On Tuesday evening, two hundred Janesville women answered the call and descended on the opera house. Lavinia, who was studying law at the time, gave a statement on the legal aspect of the group’s aim, which in the short term was to persuade the common council to grant no additional liquor licenses and in the long term to pass a law prohibiting the sale of all alcoholic beverages within the city limits. A headline in the Janesville Gazette declared, “Woman’s Will. It is expressed through a Delegation 200 Strong. They Resolve that Janesville has had Enough of this Liquor Business. A War of Extermination Declared.”

The women decided to petition the Janesville common council at its next meeting, which was scheduled for the following evening. The city was divided into fifty districts, and twenty-five women volunteered to canvass for signatures on a petition which read:

We, the undersigned, ladies of said city, feeling a deep solicitude for the well being of all classes of our citizens, and regarding intoxicating drinks as one of the most dangerous evils that now threatens the peace, happiness and good order of this community, earnestly remonstrate against the granting of any more licenses to deal in that deadly poison, which is daily corrupting the morals of the youth, and spreading misery, desolation, and death through the land.

The power for good or evil in this city is lodged with your honorable body; and we pray that you will exercise it in a way that will protect us and our husbands, sons, and brothers from this fell destroyer.

On Wednesday, the canvassers obtained 1250 women’s signatures. Then it was on to the Common Council. According to the Gazette:

A half an hour prior to the assembling of the common council … a delegation of thirty ladies gathered at the parlors of the Williams house with the premeditated intent of marching in a body to the council chamber and presenting a bulky document which they had all day been industriously circulating throughout the city, and to which they had obtained the signatures of wives, mothers and others who live in blissful anticipation of a happier condition.

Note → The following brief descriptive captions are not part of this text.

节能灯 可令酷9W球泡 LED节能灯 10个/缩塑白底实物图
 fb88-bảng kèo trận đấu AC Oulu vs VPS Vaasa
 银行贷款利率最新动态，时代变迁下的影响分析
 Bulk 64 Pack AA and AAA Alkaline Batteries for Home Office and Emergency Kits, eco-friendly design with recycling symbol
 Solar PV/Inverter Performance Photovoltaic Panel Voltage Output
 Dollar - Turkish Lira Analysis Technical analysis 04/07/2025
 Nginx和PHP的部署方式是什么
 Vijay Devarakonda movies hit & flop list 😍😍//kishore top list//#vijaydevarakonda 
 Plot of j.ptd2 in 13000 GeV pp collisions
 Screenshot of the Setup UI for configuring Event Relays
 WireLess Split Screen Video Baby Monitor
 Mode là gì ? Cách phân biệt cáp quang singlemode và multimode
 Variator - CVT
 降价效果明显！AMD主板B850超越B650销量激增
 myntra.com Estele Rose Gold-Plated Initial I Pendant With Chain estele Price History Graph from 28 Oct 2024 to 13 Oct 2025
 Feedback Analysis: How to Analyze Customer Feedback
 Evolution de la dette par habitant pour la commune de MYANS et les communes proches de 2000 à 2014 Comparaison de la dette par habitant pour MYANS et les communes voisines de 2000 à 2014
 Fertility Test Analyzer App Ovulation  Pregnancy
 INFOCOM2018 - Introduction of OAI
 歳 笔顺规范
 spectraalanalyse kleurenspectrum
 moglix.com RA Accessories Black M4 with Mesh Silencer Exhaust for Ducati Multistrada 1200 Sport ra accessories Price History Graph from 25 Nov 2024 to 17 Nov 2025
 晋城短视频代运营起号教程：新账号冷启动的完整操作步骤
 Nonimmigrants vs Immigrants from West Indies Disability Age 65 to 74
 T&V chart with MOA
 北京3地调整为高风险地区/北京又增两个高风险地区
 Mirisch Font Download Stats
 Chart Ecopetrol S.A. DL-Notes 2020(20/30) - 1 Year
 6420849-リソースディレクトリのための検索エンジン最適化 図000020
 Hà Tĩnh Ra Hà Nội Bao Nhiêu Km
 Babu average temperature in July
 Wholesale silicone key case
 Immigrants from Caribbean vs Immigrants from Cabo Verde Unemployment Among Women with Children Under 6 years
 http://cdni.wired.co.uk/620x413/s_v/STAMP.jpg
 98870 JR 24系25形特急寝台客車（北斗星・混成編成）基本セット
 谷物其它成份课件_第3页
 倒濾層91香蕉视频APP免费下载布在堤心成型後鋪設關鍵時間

This delegated moral force of the city formed in column at half past seven o’clock and marched down Milwaukee Street to the council room, where extra seats had been provided in anticipation of their coming. Two rows of chairs arranged on either side of the long table which occupies the center of the room were filled by this ardent band of temperance workers, and in the arrangement of the delegation for the distribution of that moral pressure which they had rightly calculated their presence would produce upon the board of aldermanic law makers, they had sufficient tact to place, so far as haste and excitement would permit, their best looking delegates in the front rows.

To the satisfaction of the women, no petitions for new liquor licenses were granted that evening, and the proprietor of a local hotel asked that his license be revoked and the license fee returned to him pro-rata. Some aldermen expressed the wish that other licensees do the same.

Although Lavinia would have liked to see more women participate in the endeavor, she considered it a good start toward the passage of a prohibitory law, and she was happy to see Janesville women’s hesitation about participating in social movements begin to ease a bit :

The ladies are quite enthusiastic in the new movement, and intend to continue and extend their influence by permanent organization and labor. Some of the most conservative among them are a little anxious about their “womanliness,” but they are so much interested in the work that I think they will rather re-adjust their ideas on the question of “womanliness” than give it up. So we are marching on.

Sources consulted: Lavinia Goodell’s diary, July 1873; Janesville Gazette, July 28, 30, 31, 1873; “Women Waking up in Wisconsin,” Woman’s Journal, Vol. 4, No. 33, August 16, 1873; William Goodell’s letter to the editor, Wisconsin Chief, August 23, 1873.

3 comments

Leader though she was, she wasn’t Janesville’s greatest contributor to the temperance cause, not in Frances E. Willard’s town. https://en.m.wikipedia.org/wiki/Frances_Willard

Thank you for your comment. Yes, no one did more for the temperance cause in Janesville than Frances Willard. Indeed, Lavinia Goodell mentions hearing Miss Willard lecture in Janesville in January 1873 and again in January 1879.

Lavinia was so ahead of her time! I adore her spunk! She was a spunky spinster!